WORK TASK:
Filter the entries for the word "Used". Copy each line in which it occurs.

THE RECORDS:
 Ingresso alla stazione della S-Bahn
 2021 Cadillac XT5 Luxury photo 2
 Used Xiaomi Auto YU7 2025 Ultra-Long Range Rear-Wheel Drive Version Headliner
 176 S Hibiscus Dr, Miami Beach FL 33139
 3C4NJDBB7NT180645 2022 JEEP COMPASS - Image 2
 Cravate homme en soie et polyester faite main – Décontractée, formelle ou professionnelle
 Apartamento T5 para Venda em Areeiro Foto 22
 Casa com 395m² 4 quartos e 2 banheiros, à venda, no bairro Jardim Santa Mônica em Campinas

...

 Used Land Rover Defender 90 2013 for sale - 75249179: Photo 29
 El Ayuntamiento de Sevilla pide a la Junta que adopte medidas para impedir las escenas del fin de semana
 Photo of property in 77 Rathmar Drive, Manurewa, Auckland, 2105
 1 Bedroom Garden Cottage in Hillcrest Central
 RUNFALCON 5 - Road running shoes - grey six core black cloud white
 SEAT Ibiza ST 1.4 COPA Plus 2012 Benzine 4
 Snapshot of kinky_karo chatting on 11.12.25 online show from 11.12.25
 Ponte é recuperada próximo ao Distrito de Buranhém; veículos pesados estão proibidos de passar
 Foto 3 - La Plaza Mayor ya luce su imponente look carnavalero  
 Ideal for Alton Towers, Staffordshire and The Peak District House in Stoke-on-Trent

FINISHED EXERCISE:
 Used Xiaomi Auto YU7 2025 Ultra-Long Range Rear-Wheel Drive Version Headliner
 Used Land Rover Defender 90 2013 for sale - 75249179: Photo 29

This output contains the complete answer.